Suck and Blow
Page 24
Bobby’s move to New Orleans was the equivalent of me moving to McDonaldland where Mayor McCheese was in charge, I would have to put up extra security because the Hamburglar was on the loose again, and Officer Big Mac would come by and visit.
The last gig Bobby played with us was with his childhood hero, Phil Lesh, and Bobby couldn’t really appreciate it because he kept comparing Phil to some of the people he had met in New Orleans. Bobby started hanging out with this negative crowd down there. At that time all the musicians would go to New Orleans, thinking it was the music mecca, but then they couldn’t find steady work because there were so many knowledgeable, brilliant players. In a scene like that, especially where substances are involved and people are scratching to survive, things can turn bitter. And I think he was sucked in by people who envied his situation. As a result, he didn’t get to appreciate his situation as much.

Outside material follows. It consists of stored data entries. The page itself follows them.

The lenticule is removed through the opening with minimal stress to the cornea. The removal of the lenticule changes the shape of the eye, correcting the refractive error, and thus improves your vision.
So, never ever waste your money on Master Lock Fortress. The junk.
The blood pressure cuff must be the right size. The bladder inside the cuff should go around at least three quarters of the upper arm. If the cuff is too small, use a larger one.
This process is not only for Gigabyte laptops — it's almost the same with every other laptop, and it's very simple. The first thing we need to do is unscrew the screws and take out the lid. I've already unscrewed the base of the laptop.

I remember visiting him once there, and his place had people in it all night. There was never any privacy, never any quiet time. Good enough people, but a scene like that really wasn’t a rest.

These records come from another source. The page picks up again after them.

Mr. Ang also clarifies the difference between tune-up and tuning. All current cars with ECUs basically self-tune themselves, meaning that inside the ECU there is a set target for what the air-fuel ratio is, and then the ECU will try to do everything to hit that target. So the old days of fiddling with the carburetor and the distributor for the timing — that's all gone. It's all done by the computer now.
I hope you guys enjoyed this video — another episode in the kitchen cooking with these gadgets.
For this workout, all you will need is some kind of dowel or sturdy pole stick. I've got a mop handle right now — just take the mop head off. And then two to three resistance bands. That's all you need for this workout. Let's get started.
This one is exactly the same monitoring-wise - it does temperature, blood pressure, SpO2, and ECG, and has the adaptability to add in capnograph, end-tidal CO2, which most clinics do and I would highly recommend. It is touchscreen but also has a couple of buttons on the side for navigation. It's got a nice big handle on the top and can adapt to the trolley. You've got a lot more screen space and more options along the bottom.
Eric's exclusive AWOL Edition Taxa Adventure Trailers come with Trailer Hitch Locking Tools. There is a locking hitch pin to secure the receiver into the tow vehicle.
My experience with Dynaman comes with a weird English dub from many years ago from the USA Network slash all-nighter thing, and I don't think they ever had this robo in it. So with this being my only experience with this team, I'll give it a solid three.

Bobby and I were both self-aware, but we both decided we weren’t supposed to live very long. I had it in my head that thirty-seven was the year I was going to die. A lot of the rock stars we had grown up on had died young, and here I was arguably the best harp player in the world, and this band had gotten everything it had dreamed of. So there had to be some horrible thing coming. We looked at it very fatalistically.
The problem with thinking fatalistically is that it can prevent you from trying to take part in your fate. And then it’s not really fate; it’s something you’ve affected because of your view of your fate.
After Bobby died, I was looking at my Jimi Hendrix poster and thinking about Bobby and Jimi, how they lived life so black and white—“Do what’s good, and good things will come back to you. And screw the annoying parts.” But then Felicia said to me that the real courage is that life usually isn’t a black or white thing; it’s actually gray. It isn’t an adventurous or heroic decision; it’s cooperation or compromise to get the things you need, and that’s actually the true heroism.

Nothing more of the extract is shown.